Мы сели за стол. Человек я, должен признаться, зело говорливый, и разговор обычно веду я, а тут ведущим был он. И не потому что сейчас был хозяин, а я гость у него. Просто такой он был, видимо, от рождения. Расспрашивал меня, как мне живется в Дятькове, что пишу, что задумал. А сам о себе ни слова.
– Ну а теперь давай почитаем Ивана Алексеевича, – говорит он мне, когда с четвертинкой было покончено. Подошел к полке, взял один из томов, да сразу тот, какой был ему нужен.– Ты, конечно, Бунина всего читал?

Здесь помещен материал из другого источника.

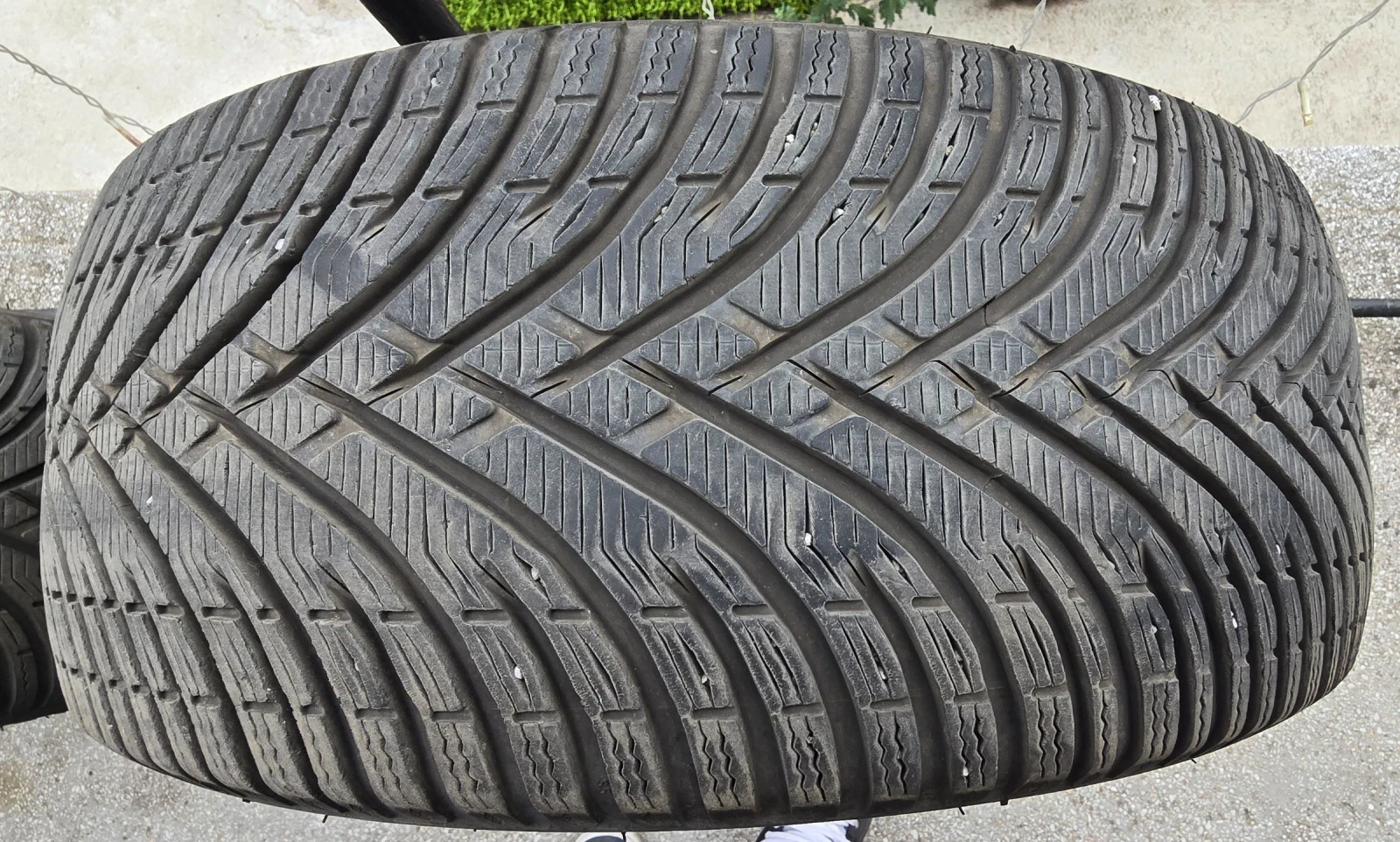 Гуми Зимни 255/45R20, снимка 8 - Гуми и джанти - 56446813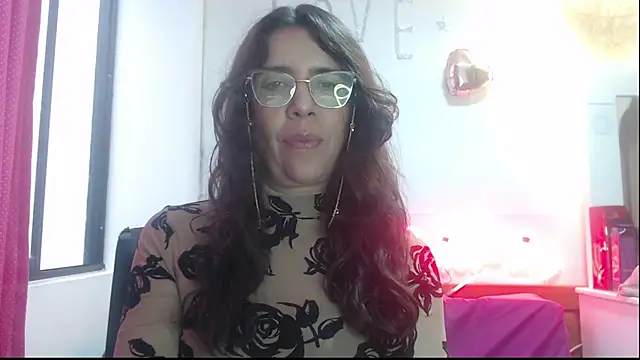 Victoria meester online show from 03.18.25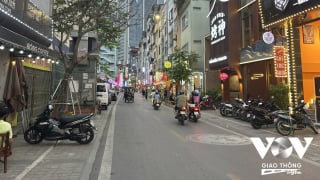 Vắng như phố ẩm thực Nguyễn Văn Tuyết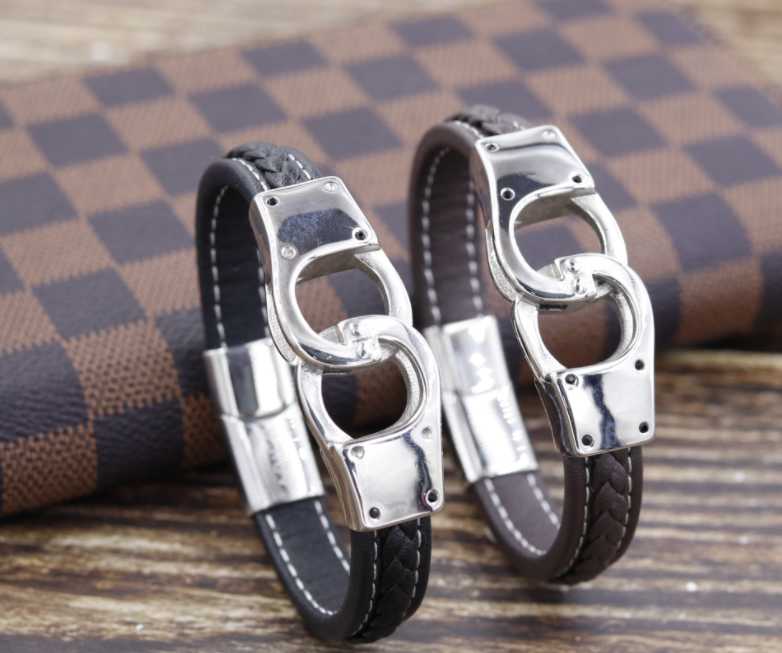 Charm Bracelets Men's Stainless Steel Woven Leather Bracelet Jewelry Trend Student Rope
Charm Bracelets Men's Stainless Steel Woven Leather Bracelet Jewelry Trend Student Rope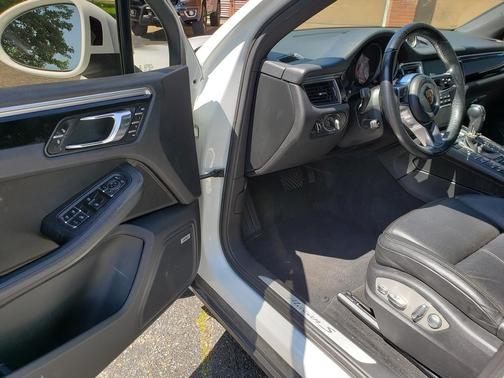 White 2017 Porsche Macan Macan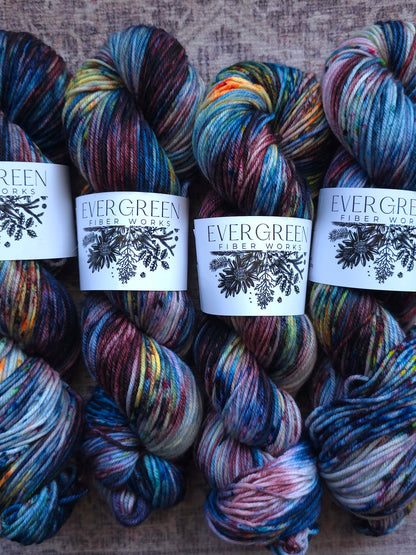 Firefly Grove - Spruce DK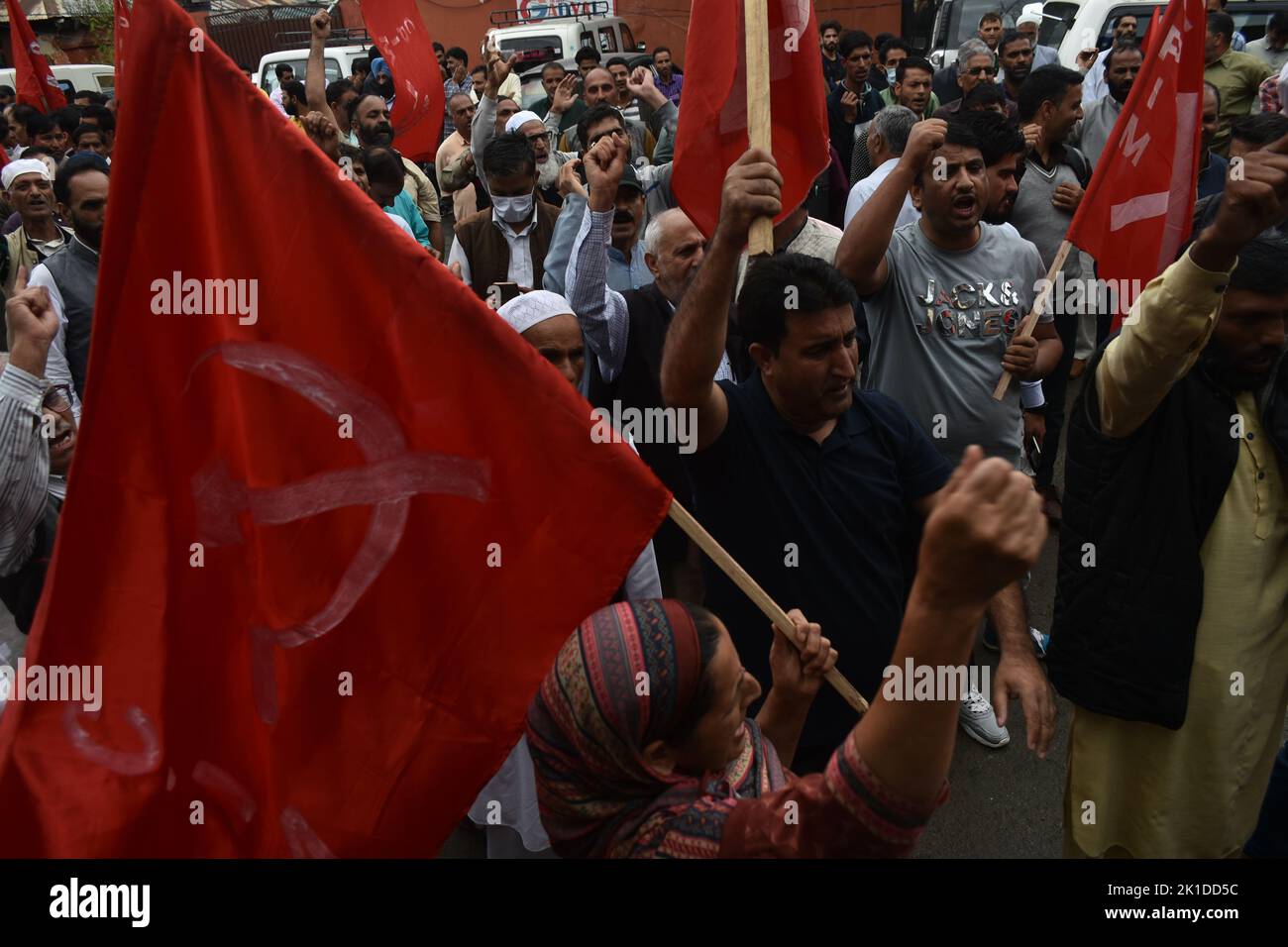 Srinagar, India. 17th Set, 2022. Nell'ambito del suo programma di protesta nazionale, CPI(M) ha tenuto una manifestazione di protesta a Press Colony, Srinagar contro l'aumento dei prezzi, la disoccupazione, gli attacchi alla classe operaia, i contadini, i coltivatori di mele e i diritti democratici della popolazione, chiedendo l'educazione scientifica per tutti. Tenendo in mano i cartelli, i dimostranti hanno gridato slogan contro le politiche anti-popolo e repressive del governo BJP. (Foto di Mubashir Hassan/Pacific Press) Credit: Pacific Press Media Production Corp./Alamy Live News Foto Stock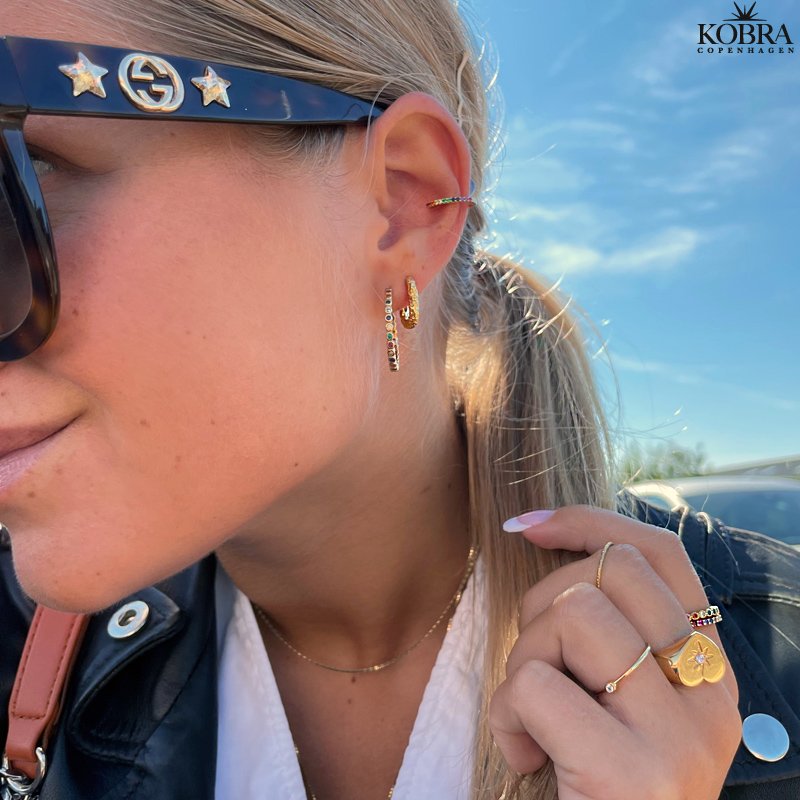 "Lucy" enkel guld ring med blgrn eller lilla sten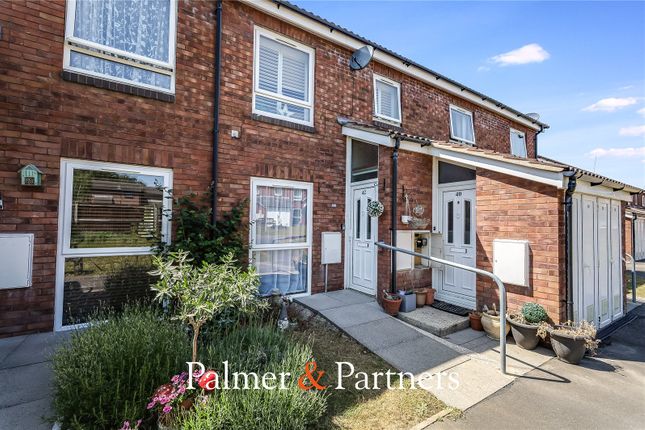 42, Nicholas Court, Essex photo 2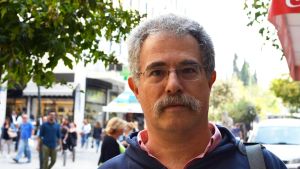 Journalisten Tasos Kostopoulos skriver om minoritetsfrågor. Tasos Kostapoulous har skrivit en bok om det makedoniska språket i Grekland.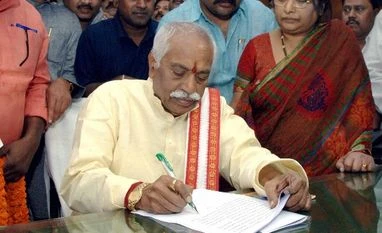 Amendment Bills for 2 Labour Acts likely to be placed in Parliament Bandaru Dattatreya taking charge as the Minister of State (Independent Charge) for Labour and Employment, in New Delhi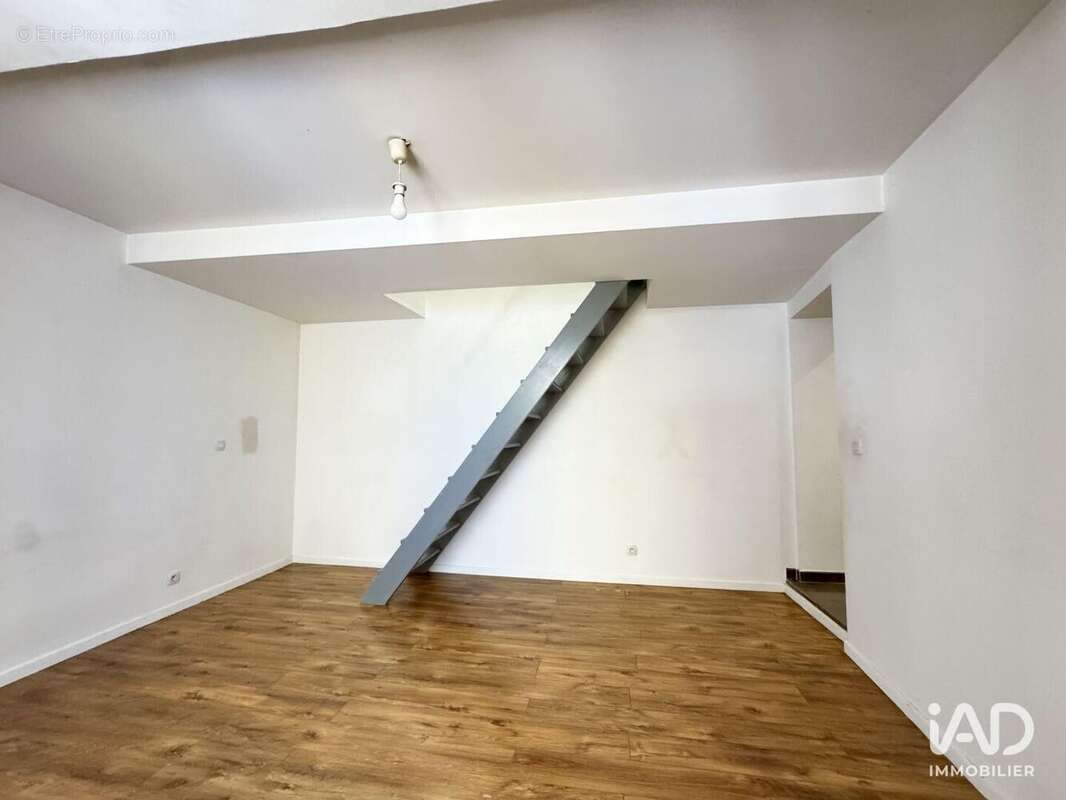 Appartement 45 m² à Trets  - photo 3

– Нет,– признался я,– у меня ведь полного Бунина нет.
– «Захара Воробьева» помнишь?
Этот рассказ я знал.
– Ну все равно, давай еще раз почитаем. Ведь Бунина, как и Чехова, можно перечитывать бесконечно. Слушай.
Читал он тоже по-своему, каждое слово подавал весомо, ни одно не пропадало для слушателя. Иногда бросал внимательный взор на меня, внимательный и строгий, проверяя, доходит ли до меня весь строй бунинской речи. И продолжал, видимо удовлетворенный тем, что я слушаю как надо.
– А теперь разреши мне почитать,– сказал я, когда он кончил и мы обменялись замечаниями о рассказе.
– Пожалуйста. Тебе какой том нужен, что будешь читать?